Comments are closed.

Anonymous at 10:46 on 17 Apr 2015

Awesome talk that focuses on the important and often missed features!

Philip Sharp at 10:51 on 17 Apr 2015

Would have liked to see more content for package authors.

So great! We use Composer extensively and have dozens of tiny open-source packages we use for our many small Laravel apps. There were at least three points that will help us out significantly.

The information on composer was quite good and I did learn a few things. I'd argue that this level of talk would be better aimed at absolute composer newcomers, since there wasn't a lot of new information for more advanced or mid-level usage.

I'd also LOVE to have a slide with a table comparison of the different version constraint characters so you could see a side by side look at them, it was hard to grasp everything without that overall view.

I would second the other comment that if this is meant for a more advanced talk - some more information for application and package authors would be really useful.

Anonymous at 11:27 on 18 Apr 2015

cool talk

now i want to learn what composer is. i need to get out of my cave. maybe tomorrow.

In reviewing my session notes, and re-reading the abstract for the talk, Jordi did deliver in presenting exactly what he said he would present - version constraints, stability, and semantic versioning, plus a few additional tips when using Composer. I enjoyed the talk, but somehow, I came away feeling like I wanted more, even if I can't quite put my finger on what "more" means, in this case. Perhaps a clearer outline of where the talk is going before it gets there might help?

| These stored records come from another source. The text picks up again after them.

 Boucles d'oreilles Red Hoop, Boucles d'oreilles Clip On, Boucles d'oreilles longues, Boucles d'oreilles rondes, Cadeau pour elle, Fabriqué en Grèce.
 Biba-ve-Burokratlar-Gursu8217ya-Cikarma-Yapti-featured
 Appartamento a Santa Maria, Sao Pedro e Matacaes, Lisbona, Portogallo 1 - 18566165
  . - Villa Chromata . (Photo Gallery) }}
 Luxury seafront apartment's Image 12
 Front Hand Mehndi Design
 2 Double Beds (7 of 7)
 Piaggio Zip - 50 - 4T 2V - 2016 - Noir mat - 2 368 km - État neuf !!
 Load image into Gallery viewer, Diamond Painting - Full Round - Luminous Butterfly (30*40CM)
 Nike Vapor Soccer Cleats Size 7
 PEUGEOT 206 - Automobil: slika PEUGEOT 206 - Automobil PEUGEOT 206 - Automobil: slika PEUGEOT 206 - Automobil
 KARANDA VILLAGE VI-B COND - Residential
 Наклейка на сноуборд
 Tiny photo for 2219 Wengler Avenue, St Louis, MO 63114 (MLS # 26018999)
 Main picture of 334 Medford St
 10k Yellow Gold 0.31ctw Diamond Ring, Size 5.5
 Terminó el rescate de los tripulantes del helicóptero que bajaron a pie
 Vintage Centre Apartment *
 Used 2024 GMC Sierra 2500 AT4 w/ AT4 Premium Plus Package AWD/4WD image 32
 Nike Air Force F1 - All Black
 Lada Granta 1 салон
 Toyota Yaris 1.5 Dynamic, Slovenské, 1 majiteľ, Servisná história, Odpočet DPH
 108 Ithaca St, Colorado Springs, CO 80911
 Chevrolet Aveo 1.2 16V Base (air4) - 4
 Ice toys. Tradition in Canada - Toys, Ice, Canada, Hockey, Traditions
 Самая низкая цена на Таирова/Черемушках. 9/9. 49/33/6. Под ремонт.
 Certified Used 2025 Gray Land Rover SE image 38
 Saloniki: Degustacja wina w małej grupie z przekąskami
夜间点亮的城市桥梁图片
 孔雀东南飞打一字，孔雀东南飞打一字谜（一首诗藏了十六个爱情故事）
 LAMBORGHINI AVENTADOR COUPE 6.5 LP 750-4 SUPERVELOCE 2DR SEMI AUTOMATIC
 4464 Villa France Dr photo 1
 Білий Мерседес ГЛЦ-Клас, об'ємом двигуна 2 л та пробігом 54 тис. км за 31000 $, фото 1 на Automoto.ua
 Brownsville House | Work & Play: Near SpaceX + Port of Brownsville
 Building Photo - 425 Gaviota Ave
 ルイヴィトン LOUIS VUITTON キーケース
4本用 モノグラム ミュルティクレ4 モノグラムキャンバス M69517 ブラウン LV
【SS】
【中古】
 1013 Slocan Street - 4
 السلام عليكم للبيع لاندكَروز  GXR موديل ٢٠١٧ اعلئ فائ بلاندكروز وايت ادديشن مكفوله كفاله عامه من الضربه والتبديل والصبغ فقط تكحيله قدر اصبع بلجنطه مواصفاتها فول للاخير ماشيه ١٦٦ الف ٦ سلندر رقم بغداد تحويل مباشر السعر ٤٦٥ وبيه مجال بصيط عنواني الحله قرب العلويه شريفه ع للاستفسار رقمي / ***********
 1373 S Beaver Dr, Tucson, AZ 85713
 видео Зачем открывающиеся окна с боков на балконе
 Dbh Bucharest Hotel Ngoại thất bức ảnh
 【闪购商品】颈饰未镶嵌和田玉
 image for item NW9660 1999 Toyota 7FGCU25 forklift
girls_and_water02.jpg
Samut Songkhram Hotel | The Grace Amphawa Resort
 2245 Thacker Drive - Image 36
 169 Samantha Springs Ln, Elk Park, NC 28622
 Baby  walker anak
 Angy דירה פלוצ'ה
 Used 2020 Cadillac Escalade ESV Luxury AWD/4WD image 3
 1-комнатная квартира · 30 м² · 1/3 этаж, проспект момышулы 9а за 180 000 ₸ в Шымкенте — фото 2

Topics in this talk I particularly appreciated: Jordi's clarification that the composer.lock file should be tracked in version control (and that it shouldn't be deployed!), reinforcement on how versions should be numbered, what a README file should include, and how to constrain package versions in your composer.json file. Some of the talk around tags, branches, and stability resolution were lost on me, but I'm not sure whether that is a reflection on the speaker, my own knowledge level, or both.

Lastly, I appreciated the list of resources I can look up in my own time for additional information.

Overall, a solid presentation. There's no better source than the creator of a utility!